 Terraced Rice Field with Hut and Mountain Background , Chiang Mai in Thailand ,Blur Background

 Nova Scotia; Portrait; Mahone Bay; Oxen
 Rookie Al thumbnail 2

--

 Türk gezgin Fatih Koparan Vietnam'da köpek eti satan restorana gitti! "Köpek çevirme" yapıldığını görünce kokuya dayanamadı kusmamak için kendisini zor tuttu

...

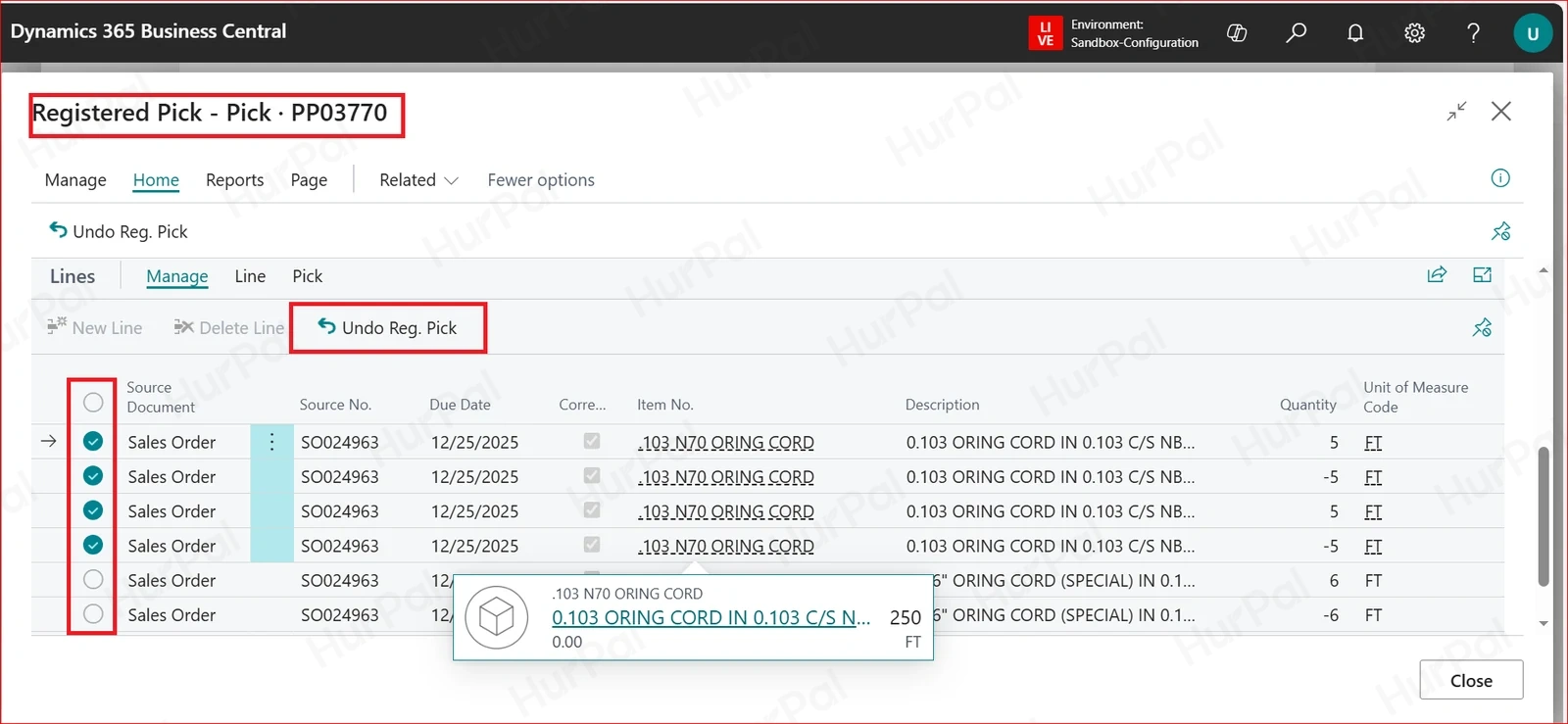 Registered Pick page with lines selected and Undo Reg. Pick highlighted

→ Exercise prompt
When the line with "Terraced Rice Field" is reached in the data above, begin copying, and stop after the line with "Rookie Al thumbnail 2"; copy each line exactly, both ends included.

→ Answer space
 Terraced Rice Field with Hut and Mountain Background , Chiang Mai in Thailand ,Blur Background

 Nova Scotia; Portrait; Mahone Bay; Oxen
 Rookie Al thumbnail 2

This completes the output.